Поразмыслив и ничего хорошего не придумав, ксендз Затока обратился к плачущей Мадзе.
— Ты хорошо сделала, уведомив меня обо всем. Может, и мне еще что-нибудь придет на ум. Но должен признаться, и я пока что теряю голову перед таким несчастьем. Призову на помощь бога, ужели он не вдохновит меня?
— Не по моим это силам, — проговорила Мадзя, — но хоть бы пришлось сгореть от стыда и боли, я все равно поехала бы спасать сына моих благодетелей… да только как выехать?

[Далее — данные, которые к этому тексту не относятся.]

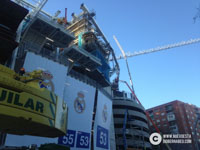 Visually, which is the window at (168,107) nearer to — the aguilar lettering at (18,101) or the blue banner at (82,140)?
the blue banner at (82,140)

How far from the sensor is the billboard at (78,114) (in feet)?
96.5

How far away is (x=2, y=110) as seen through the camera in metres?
6.91

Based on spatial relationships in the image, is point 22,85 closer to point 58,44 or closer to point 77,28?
point 58,44

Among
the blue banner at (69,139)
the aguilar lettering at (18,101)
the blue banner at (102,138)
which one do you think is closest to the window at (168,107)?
the blue banner at (102,138)

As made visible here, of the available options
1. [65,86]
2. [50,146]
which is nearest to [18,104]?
[50,146]

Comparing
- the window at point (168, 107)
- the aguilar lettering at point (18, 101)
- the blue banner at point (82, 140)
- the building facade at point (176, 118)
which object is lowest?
the blue banner at point (82, 140)

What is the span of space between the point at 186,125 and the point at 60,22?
83.6 m

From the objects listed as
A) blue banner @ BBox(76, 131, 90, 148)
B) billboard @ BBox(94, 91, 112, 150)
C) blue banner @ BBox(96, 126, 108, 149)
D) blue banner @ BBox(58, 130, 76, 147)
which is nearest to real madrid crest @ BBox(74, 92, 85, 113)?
blue banner @ BBox(76, 131, 90, 148)

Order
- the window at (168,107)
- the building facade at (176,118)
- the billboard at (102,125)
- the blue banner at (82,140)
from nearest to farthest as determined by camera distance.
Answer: the blue banner at (82,140), the billboard at (102,125), the building facade at (176,118), the window at (168,107)

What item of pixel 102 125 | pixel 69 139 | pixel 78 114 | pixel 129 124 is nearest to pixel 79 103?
pixel 78 114

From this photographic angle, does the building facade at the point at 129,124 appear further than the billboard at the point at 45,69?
Yes

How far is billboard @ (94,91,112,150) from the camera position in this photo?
3573 cm

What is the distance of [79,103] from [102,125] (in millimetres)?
8946

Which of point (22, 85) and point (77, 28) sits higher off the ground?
point (77, 28) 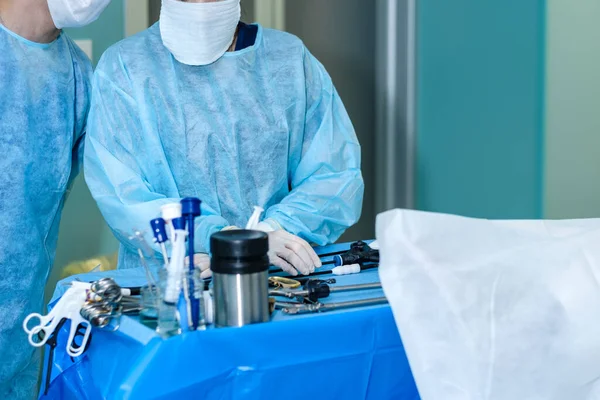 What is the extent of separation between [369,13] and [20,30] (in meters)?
1.29

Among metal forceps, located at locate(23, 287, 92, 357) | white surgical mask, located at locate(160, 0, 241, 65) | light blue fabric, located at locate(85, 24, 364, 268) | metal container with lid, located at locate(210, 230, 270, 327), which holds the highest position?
white surgical mask, located at locate(160, 0, 241, 65)

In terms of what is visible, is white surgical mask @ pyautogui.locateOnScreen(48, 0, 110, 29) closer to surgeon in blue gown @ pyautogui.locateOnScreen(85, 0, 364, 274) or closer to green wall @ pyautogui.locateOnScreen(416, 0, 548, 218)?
surgeon in blue gown @ pyautogui.locateOnScreen(85, 0, 364, 274)

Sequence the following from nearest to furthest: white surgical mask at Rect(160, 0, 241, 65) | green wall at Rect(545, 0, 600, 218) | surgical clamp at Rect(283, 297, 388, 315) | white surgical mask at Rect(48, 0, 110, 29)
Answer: surgical clamp at Rect(283, 297, 388, 315)
white surgical mask at Rect(160, 0, 241, 65)
white surgical mask at Rect(48, 0, 110, 29)
green wall at Rect(545, 0, 600, 218)

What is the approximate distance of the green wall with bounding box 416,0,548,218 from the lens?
7.11 ft

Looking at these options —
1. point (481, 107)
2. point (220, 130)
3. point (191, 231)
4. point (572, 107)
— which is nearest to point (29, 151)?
point (220, 130)

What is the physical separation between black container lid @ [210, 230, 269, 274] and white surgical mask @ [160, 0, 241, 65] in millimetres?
682

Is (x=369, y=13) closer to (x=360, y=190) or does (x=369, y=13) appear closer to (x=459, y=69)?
(x=459, y=69)

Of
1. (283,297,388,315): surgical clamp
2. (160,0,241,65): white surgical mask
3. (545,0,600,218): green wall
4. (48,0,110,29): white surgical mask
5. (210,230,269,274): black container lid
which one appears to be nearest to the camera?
(210,230,269,274): black container lid

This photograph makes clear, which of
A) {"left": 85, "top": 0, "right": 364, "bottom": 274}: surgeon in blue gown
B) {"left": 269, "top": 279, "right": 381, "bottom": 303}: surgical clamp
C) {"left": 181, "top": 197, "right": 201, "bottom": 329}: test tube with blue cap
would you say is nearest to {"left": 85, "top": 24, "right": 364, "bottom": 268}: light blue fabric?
{"left": 85, "top": 0, "right": 364, "bottom": 274}: surgeon in blue gown

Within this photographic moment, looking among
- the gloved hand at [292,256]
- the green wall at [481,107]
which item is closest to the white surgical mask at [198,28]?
the gloved hand at [292,256]

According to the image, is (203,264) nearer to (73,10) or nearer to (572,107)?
(73,10)

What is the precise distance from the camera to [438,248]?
0.86 meters

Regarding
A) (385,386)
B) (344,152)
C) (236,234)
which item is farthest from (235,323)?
(344,152)

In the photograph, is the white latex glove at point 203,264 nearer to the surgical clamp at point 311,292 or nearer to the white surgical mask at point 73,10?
the surgical clamp at point 311,292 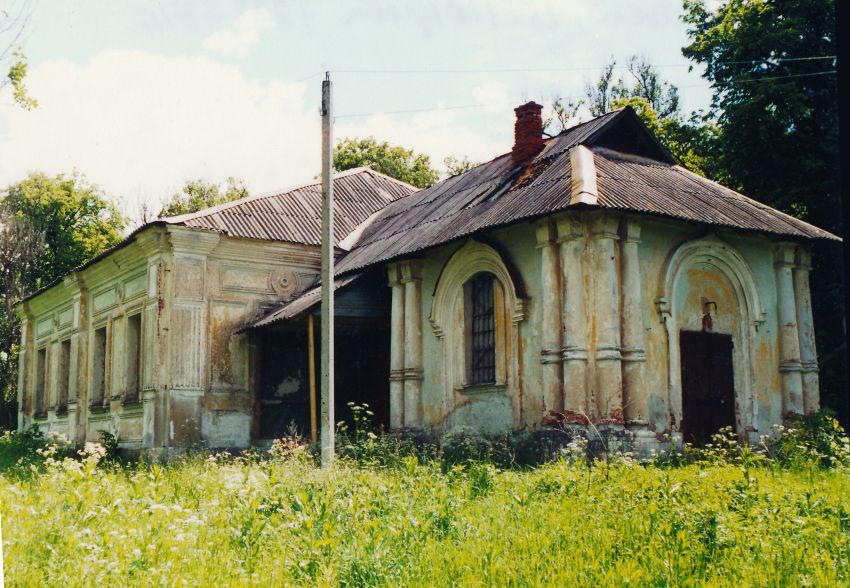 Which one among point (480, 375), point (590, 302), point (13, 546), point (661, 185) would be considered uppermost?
point (661, 185)

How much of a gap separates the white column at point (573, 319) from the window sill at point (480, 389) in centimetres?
157

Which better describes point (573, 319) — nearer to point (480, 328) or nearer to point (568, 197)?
point (568, 197)

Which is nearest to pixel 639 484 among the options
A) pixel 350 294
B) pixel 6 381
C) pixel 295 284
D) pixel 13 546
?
pixel 13 546

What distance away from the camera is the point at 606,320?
35.6ft

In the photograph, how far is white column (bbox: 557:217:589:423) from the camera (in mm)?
10625

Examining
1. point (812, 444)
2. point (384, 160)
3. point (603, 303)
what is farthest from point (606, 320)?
point (384, 160)

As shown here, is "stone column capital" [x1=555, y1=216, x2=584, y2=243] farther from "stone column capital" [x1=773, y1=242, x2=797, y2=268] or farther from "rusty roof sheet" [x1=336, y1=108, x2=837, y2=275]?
"stone column capital" [x1=773, y1=242, x2=797, y2=268]

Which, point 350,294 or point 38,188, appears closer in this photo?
point 350,294

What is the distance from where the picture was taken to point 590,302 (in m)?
11.0

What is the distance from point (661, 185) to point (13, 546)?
9950 millimetres

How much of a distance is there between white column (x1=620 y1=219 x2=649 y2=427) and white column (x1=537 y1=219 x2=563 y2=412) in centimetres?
86

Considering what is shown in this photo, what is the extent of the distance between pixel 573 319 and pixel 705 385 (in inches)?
105

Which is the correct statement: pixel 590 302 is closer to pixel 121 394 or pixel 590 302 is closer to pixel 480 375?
pixel 480 375

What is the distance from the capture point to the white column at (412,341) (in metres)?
13.6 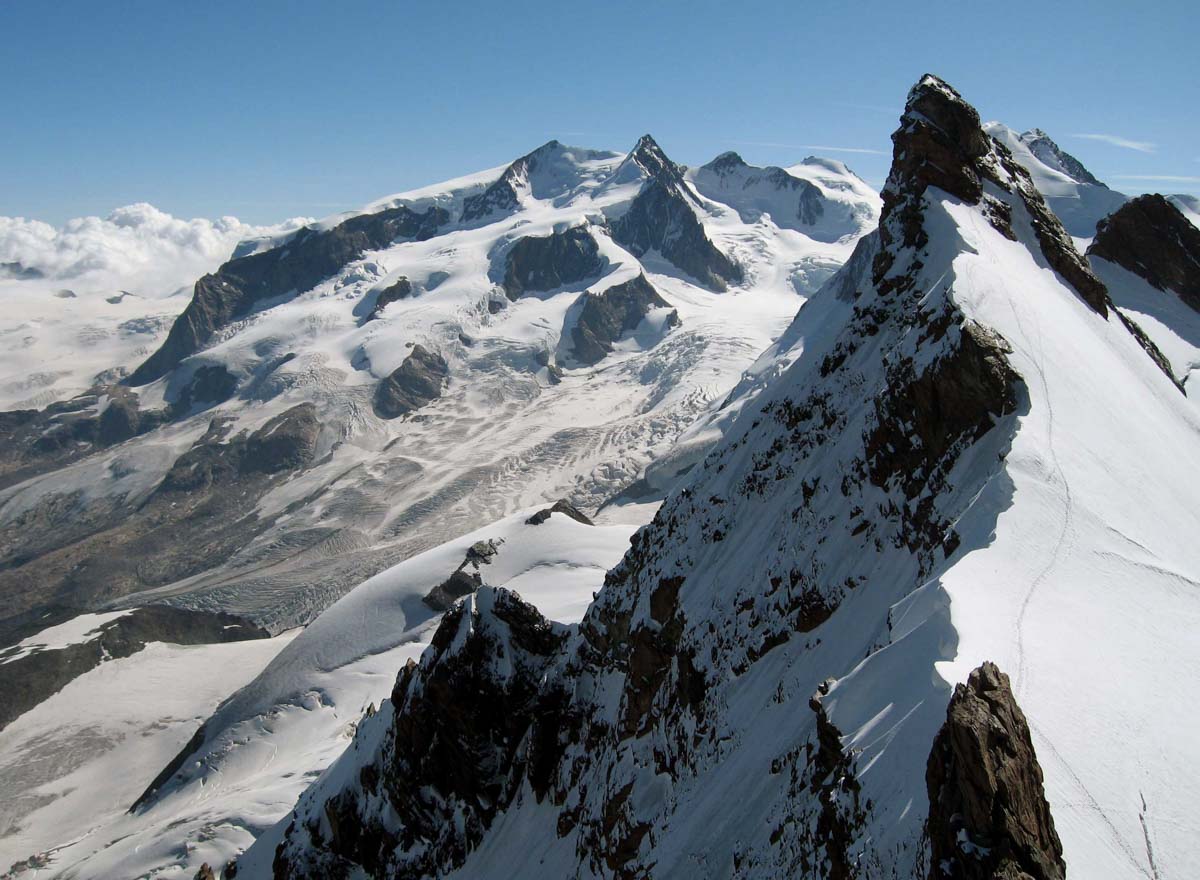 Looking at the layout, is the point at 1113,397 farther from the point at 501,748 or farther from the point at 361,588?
the point at 361,588

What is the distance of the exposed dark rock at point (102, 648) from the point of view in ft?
310

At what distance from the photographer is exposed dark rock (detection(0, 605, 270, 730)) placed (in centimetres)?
9444

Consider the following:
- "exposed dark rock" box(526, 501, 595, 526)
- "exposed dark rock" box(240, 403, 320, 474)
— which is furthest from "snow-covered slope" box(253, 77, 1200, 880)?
"exposed dark rock" box(240, 403, 320, 474)

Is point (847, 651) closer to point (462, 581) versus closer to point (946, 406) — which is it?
point (946, 406)

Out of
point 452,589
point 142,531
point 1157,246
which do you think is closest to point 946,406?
point 1157,246

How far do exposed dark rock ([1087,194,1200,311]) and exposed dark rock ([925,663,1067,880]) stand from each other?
5854cm

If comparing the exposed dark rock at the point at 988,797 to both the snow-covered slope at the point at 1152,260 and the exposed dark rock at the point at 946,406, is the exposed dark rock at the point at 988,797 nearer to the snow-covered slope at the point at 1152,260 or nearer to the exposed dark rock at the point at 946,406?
the exposed dark rock at the point at 946,406

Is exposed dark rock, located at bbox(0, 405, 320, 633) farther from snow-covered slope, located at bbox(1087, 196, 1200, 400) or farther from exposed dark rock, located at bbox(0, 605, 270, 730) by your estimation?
snow-covered slope, located at bbox(1087, 196, 1200, 400)

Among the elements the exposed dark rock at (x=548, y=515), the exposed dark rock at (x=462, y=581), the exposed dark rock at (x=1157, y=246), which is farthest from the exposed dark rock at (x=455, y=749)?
the exposed dark rock at (x=1157, y=246)

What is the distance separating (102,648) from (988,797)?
122 meters

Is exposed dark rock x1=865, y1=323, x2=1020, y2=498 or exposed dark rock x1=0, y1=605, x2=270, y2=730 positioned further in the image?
exposed dark rock x1=0, y1=605, x2=270, y2=730

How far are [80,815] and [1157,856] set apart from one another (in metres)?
95.7

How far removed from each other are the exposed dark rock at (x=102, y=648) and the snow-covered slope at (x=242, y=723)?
236 cm

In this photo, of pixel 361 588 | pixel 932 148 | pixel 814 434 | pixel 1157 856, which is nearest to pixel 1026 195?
pixel 932 148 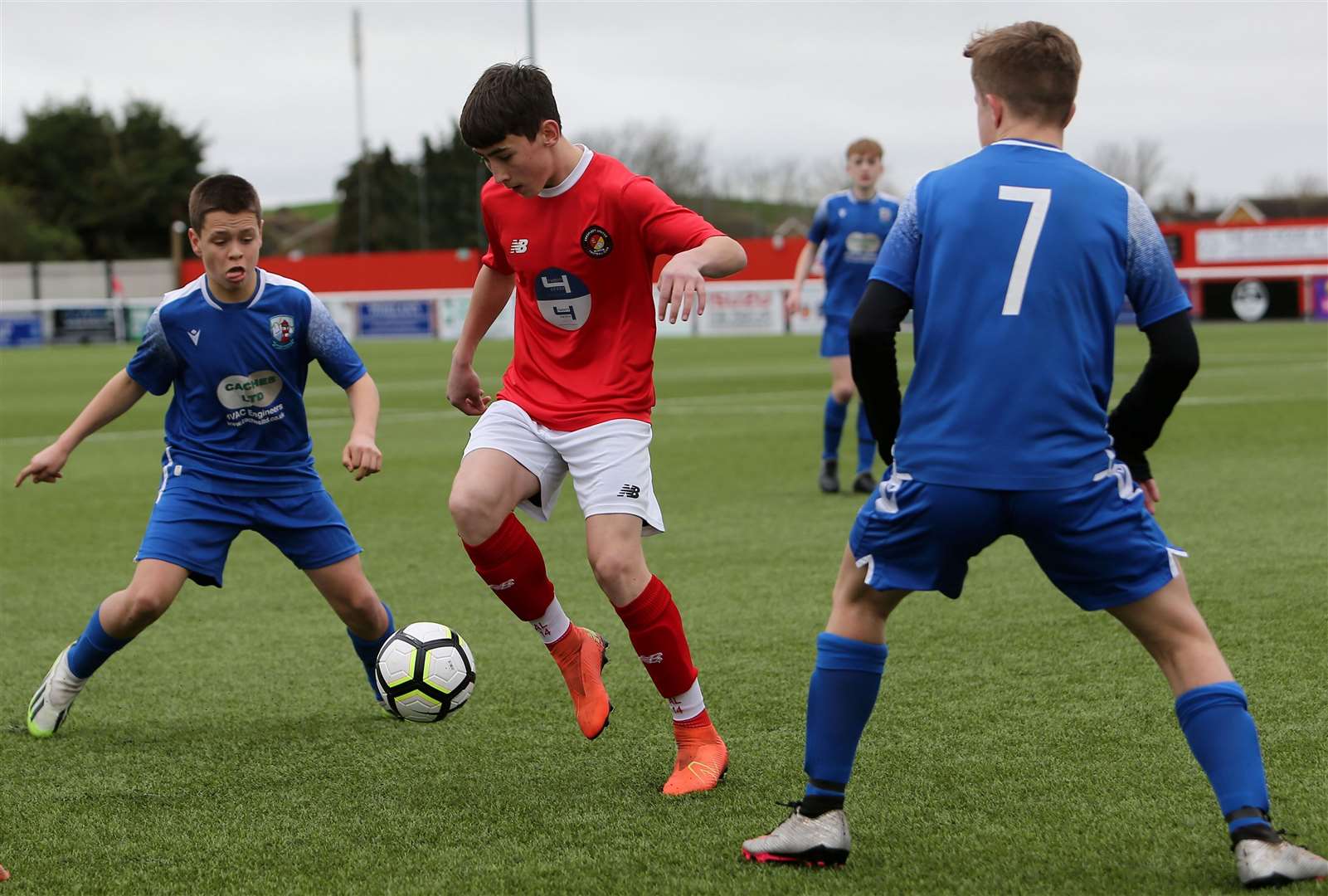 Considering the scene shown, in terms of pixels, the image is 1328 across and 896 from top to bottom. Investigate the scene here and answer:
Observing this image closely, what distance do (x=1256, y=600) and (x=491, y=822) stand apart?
3604 mm

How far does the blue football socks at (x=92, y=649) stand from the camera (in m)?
4.94

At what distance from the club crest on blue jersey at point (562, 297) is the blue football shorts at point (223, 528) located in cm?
104

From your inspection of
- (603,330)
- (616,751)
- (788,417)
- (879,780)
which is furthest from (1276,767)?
(788,417)

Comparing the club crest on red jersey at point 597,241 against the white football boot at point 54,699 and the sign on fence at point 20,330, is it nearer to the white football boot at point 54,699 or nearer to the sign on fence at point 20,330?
the white football boot at point 54,699

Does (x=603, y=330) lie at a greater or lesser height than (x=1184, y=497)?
greater

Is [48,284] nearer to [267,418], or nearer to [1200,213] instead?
[1200,213]

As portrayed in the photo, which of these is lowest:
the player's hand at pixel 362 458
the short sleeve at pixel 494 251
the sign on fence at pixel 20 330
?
the sign on fence at pixel 20 330

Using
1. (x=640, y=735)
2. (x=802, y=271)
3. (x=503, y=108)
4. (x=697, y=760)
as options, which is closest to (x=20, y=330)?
(x=802, y=271)

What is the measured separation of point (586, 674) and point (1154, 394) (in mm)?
1996

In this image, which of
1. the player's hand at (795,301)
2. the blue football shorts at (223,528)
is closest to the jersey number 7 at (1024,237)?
the blue football shorts at (223,528)

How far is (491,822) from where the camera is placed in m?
3.90

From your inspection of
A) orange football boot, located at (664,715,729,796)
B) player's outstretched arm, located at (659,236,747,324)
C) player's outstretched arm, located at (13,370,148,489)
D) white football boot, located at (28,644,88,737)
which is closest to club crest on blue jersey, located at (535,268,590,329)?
player's outstretched arm, located at (659,236,747,324)

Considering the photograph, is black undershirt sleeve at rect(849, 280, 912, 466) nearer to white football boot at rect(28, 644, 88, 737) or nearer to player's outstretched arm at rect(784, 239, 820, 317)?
white football boot at rect(28, 644, 88, 737)

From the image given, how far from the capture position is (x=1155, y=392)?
3.24 m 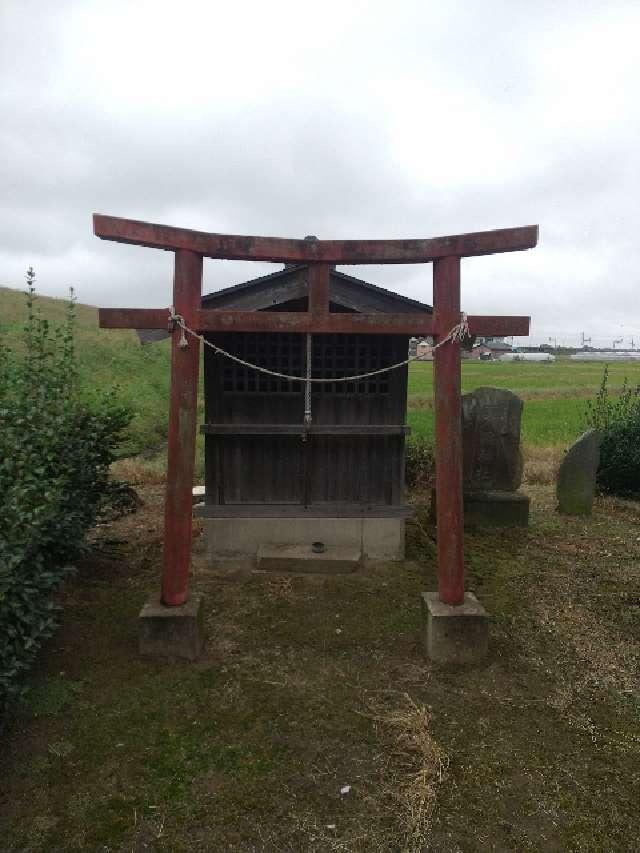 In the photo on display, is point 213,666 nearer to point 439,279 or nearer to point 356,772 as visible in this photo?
point 356,772

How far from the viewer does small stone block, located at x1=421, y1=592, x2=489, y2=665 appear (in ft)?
15.7

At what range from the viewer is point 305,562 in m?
6.91

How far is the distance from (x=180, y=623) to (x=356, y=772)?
6.45 feet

— И чего бы ты добилась? — прервал ее ксендз. — Ни сестру бы не обратила, ни Эвариста не спасла. Но он-то, он! В голове не укладывается!
Подумав немного, он добавил:
— Поехал бы и я, да там-то что? Мне он ни в чем не признается, отделается пустым словом.
— Так он и не скрывается вовсе, все явно, так явно, что весь город видит.
— И давно это у них? — спросил священник.
— Не знаю, — вздохнула девушка.
Тем и кончилось их бесплодное совещание, которое только огорчило и взволновало старого друга пани Эльжбеты. Кое-как успокоив и отправив Мадзю, ксендз Затока стал обдумывать услышанное и чем дальше, тем больше укреплялся в мысли, что это, должно быть, не более чем сплетня. Чтобы убедиться окончательно, он в тот же день поехал к вдове Травцевич.
Увидев со своего крыльца необычного гостя, вдова сразу сообразила, что его сюда привело. «Уже Мадзя сказала ему», — шепнула она про себя.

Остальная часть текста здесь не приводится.